Nelle ultime settimane, il dibattito politico umbro si è infiammato attorno alla manovra regionale e, in particolare, alla rimodulazione dell’addizionale IRPEF. Una manovra che è passata da un gettito previsto di 90 milioni a 52 milioni di euro, dopo il confronto – seppur frettoloso – con parti sociali e forze economiche.
L’impianto definitivo prevede l’esenzione totale dall’addizionale per i redditi fino a 28.000 euro, soglia entro la quale si colloca la maggioranza dei contribuenti umbri, ma lascia intatti i problemi strutturali del territorio. Perché al di là della modulazione delle aliquote e degli sgravi, il vero tema riguarda lo stato di salute del sistema regionale e il senso profondo della fiscalità come strumento di equità, redistribuzione e investimento per il futuro.
Le tensioni emerse in questi giorni sono il sintomo di una fragilità sistemica che riguarda in particolare sanità, welfare, lavoro e coesione sociale. Come sindacato delle costruzioni, lo vediamo ogni giorno nei cantieri, nei quartieri, nei territori marginali. L’Umbria ha bisogno di un nuovo modello di sviluppo, che parta dai bisogni reali della popolazione e non solo dai saldi di bilancio.
Secondo i dati Istat, nel 2024 la percentuale di popolazione in povertà relativa in Umbria ha superato il 12%, con un aumento progressivo rispetto al 10,6% dell’anno precedente. A fronte di una popolazione sempre più anziana e con una natalità in calo, il rischio è quello di una marginalizzazione crescente di chi lavora, di chi ha redditi medi o bassi, di chi vive nelle aree interne. Nel 2023 l’Umbria ha registrato un PIL pari a 26,1 miliardi di euro, ma con una variazione reale negativa dello 0,1%.Il PIL pro capite umbro (30.531 euro) rimane significativamente al di sotto della media italiana (36.078 euro) e di quella del Centro Italia (38.600 euro), indicando una persistente debolezza strutturale del tessuto produttivo regionale, in cui il valore aggiunto proviene in larga parte da servizi, industria e costruzioni.

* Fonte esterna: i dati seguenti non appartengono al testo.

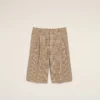 Pantaloni scurți din lână maro cu carouri Prince of Wales Pantaloni scurți din lână maro cu carouri Prince of Wales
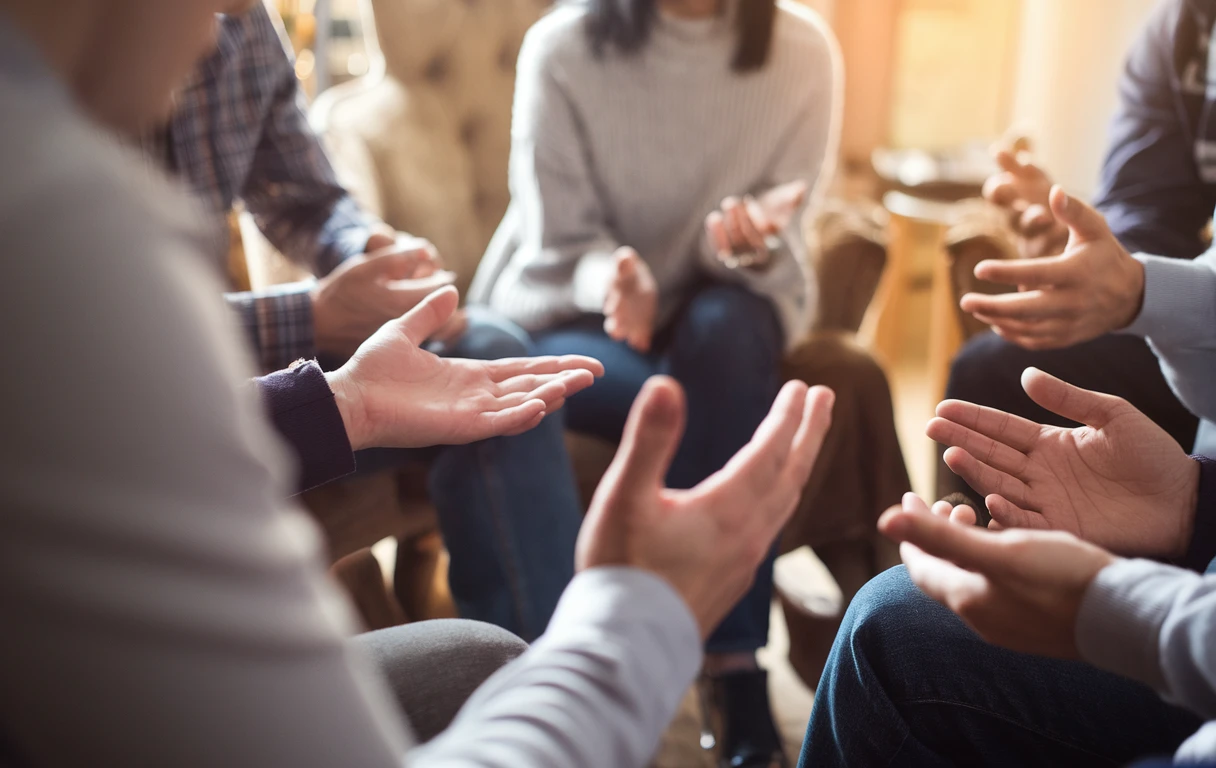 Diskussionen Eine Gruppe von Menschen sitzt im Kreis und gestikuliert mit den Händen.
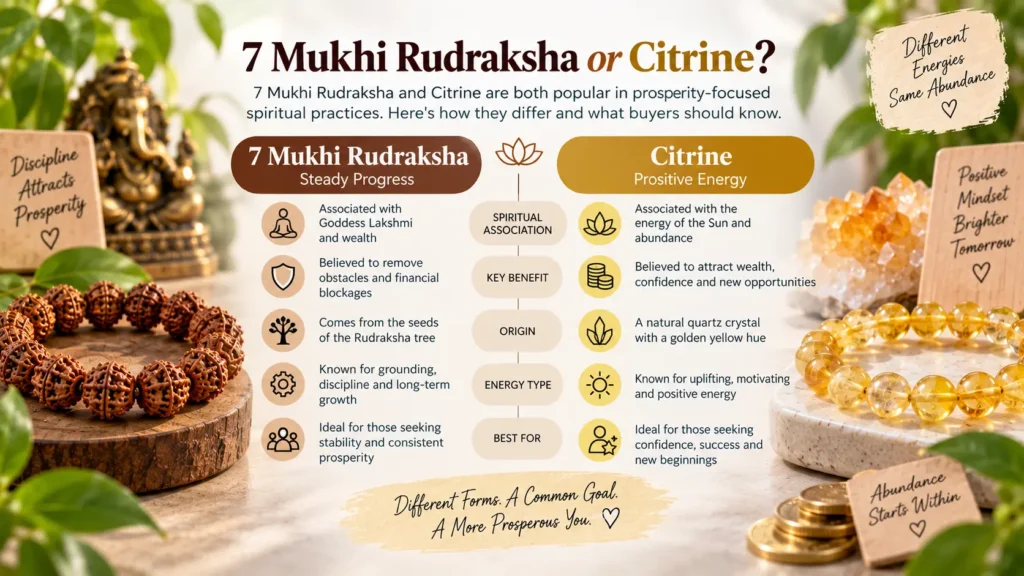 7 Mukhi Rudraksha vs Citrine: Two Popular Choices for Prosperity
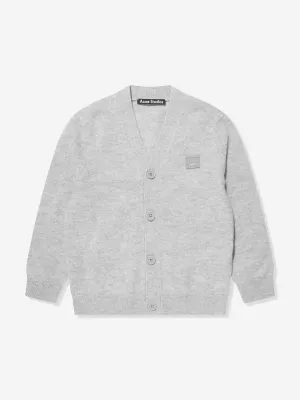 Acne Studios Kids Wool Logo Cardigan in Grey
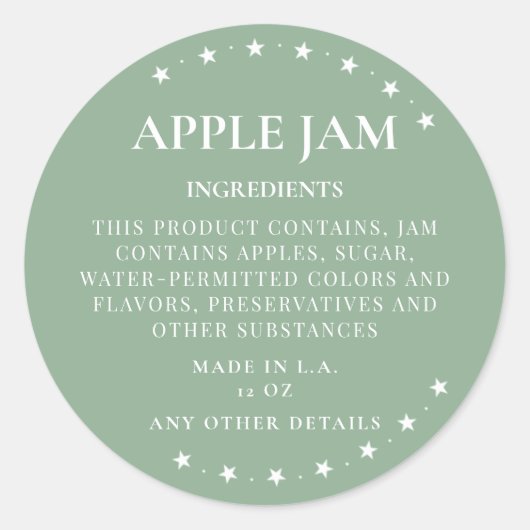 Ingrediënt Stickers Kleine Bedrijfsingrediënt (Voorkant)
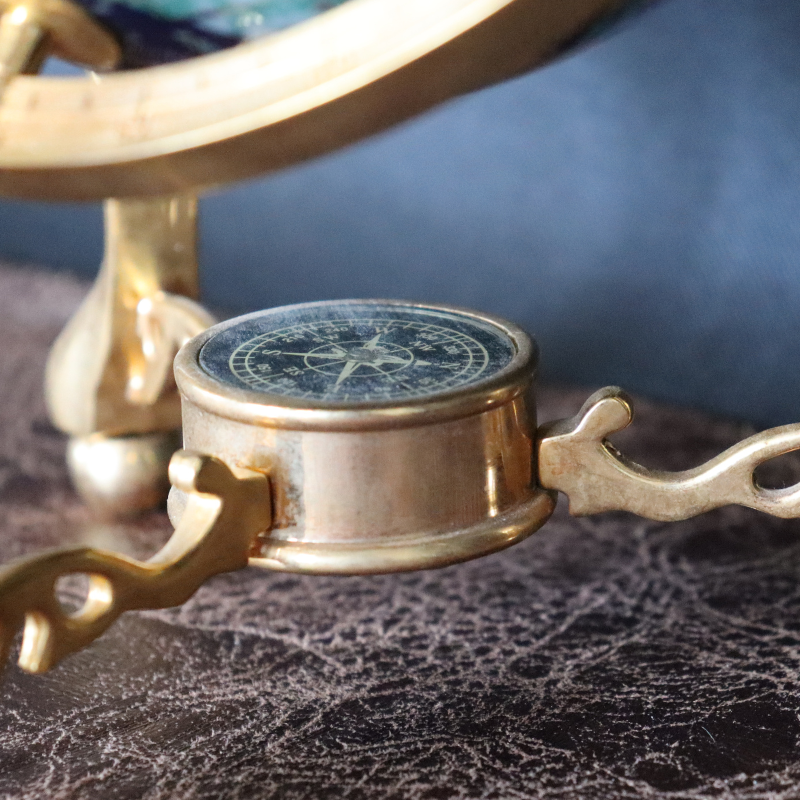 Medium Blue and Brass Semi Precious Stone Globe (14 Inch Double Spin)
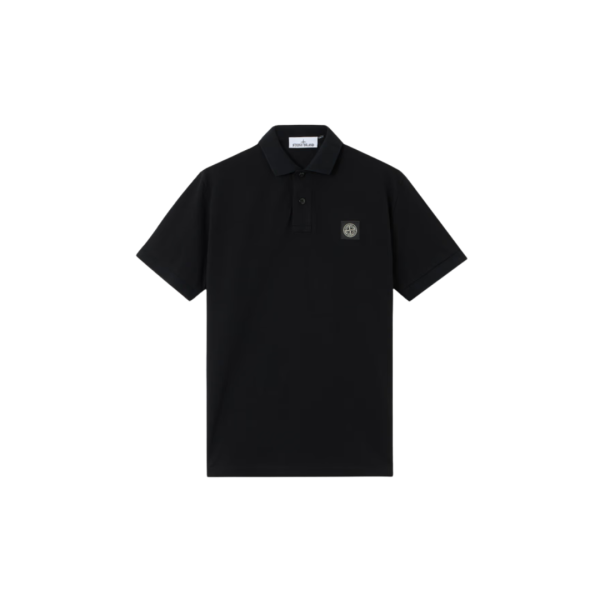 Polo slim STONE ISLAND manche courte coton piqué noir écusson Compass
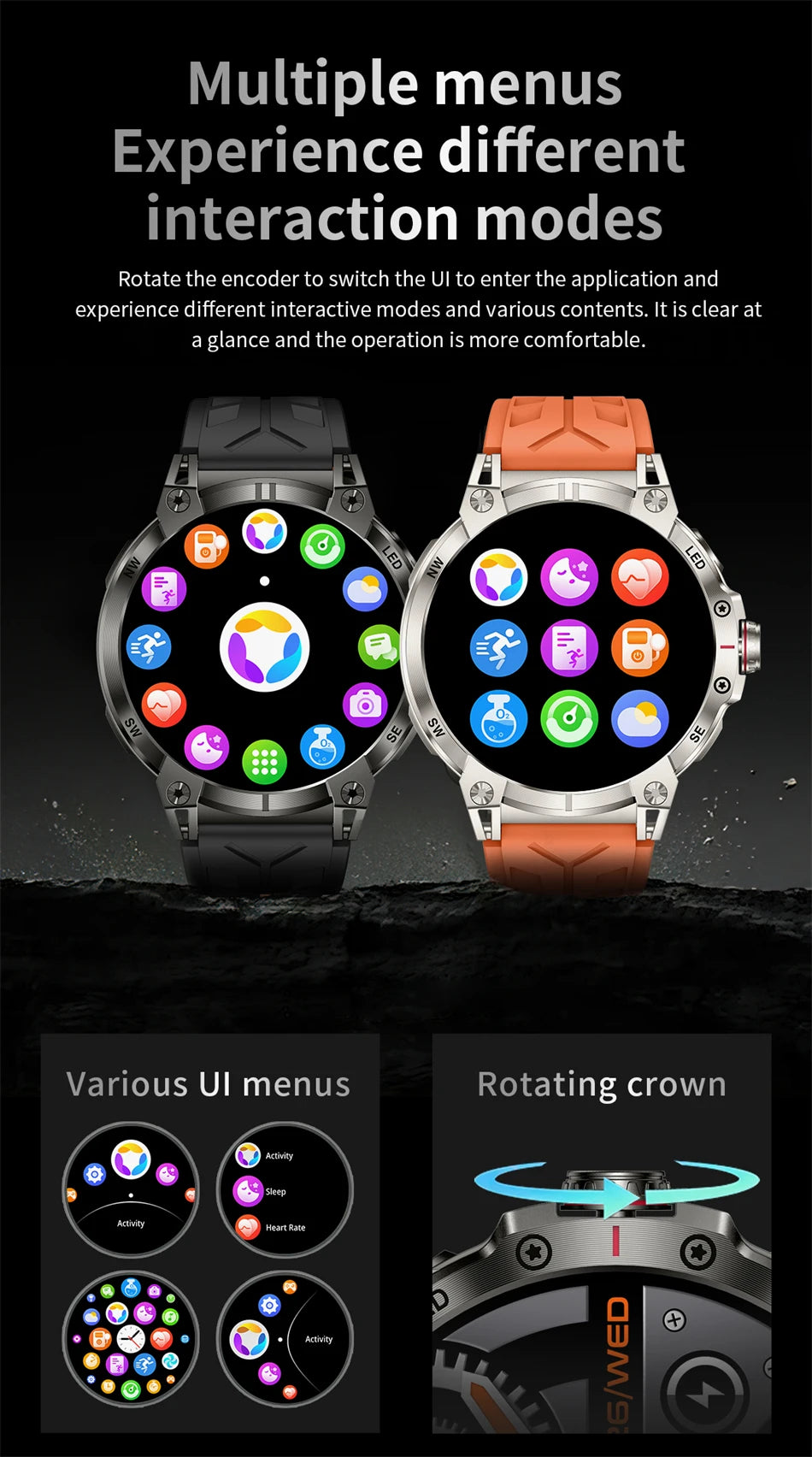 Military Smartwatch for Men - 760mAh, Compass, LED Flashlight, 1.8" HD, Waterproof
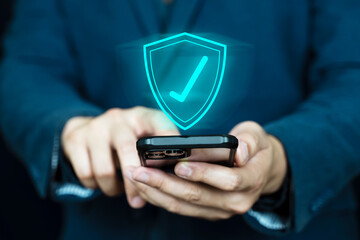 Cyber ​​security and electronic data protection from cyber attack, online and internet network security.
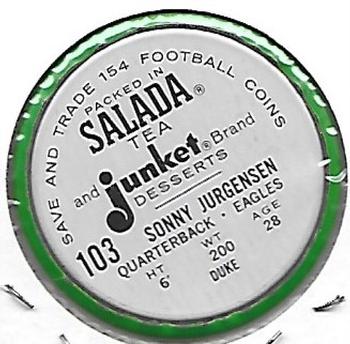 1962 Salada Coins #103 Sonny Jurgensen Back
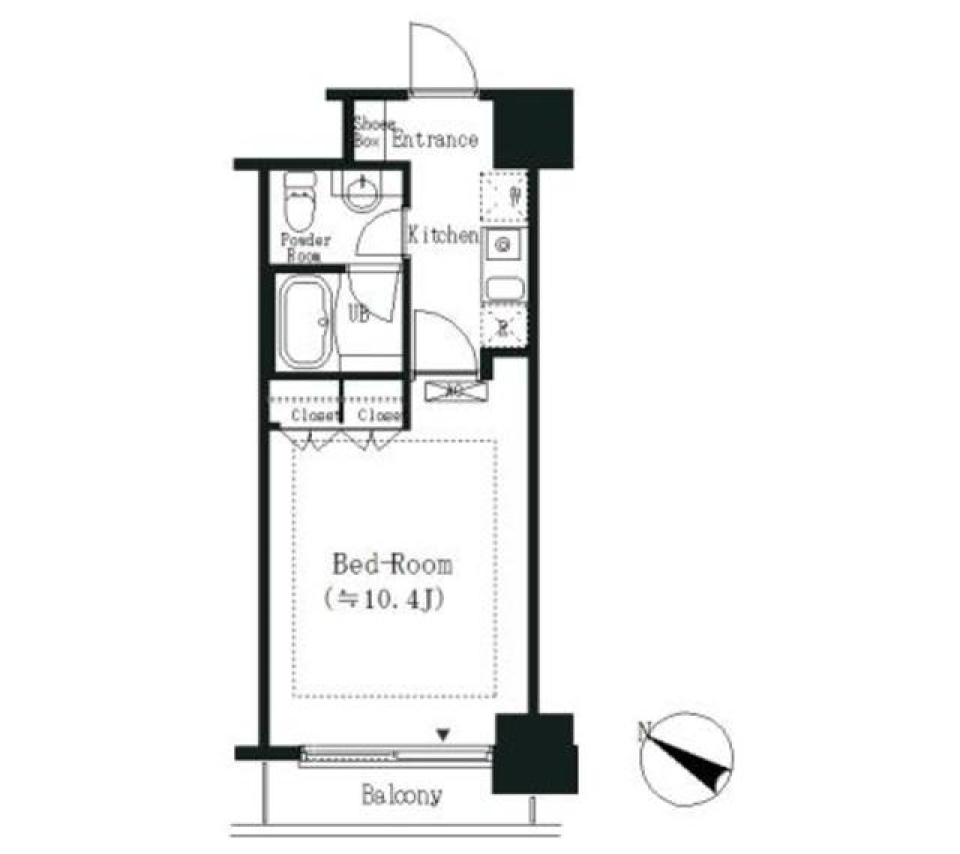 エルスタンザ白金　４０７号室の間取り図
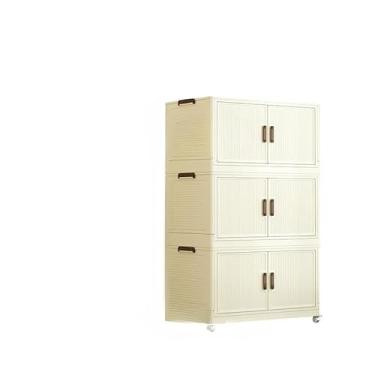 Imagem de Caixa Organizadora Armario Armazenamento Dobrável Empilhavel Com Porta Rodinhas Multiuso 3 Portas(58cm(leitebranco 3camadas))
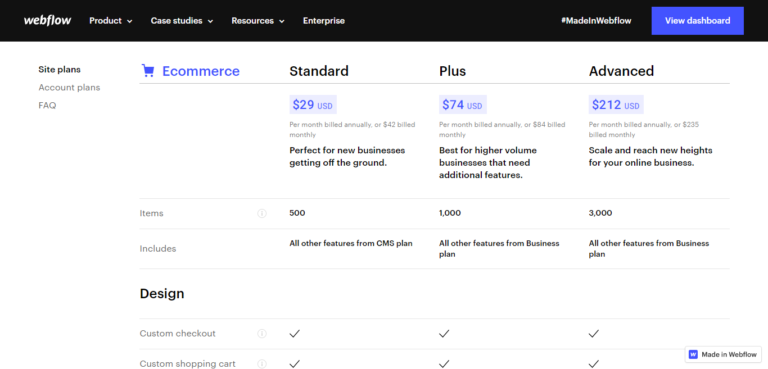 Piani di e-commerce di Webflow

In questo contesto si inserisce anche la situazione critica in cui versa il sistema sanitario, e non da oggi. Persistono infatti forti limiti in termini di presa in carico del paziente, digitalizzazione dei percorsi e riduzione della mobilità passiva. L’Umbria, ad esempio, registra ancora tassi elevati di ricoveri fuori regione, secondo i dati Agenas (Agenzia nazionale per i servizi sanitari regionali), negli ultimi cinque anni la mobilità passiva è aumentata del 23,9%, a testimonianza di un sistema sanitario che fatica sempre più a garantire cure adeguate sul territorio. La spesa sanitaria regionale poi, non è solo sotto pressione per effetto dell’inflazione e dell’invecchiamento della popolazione, ma anche per l’inefficienza di alcuni processi interni, come la gestione dei CUP o la frammentazione dei percorsi assistenziali.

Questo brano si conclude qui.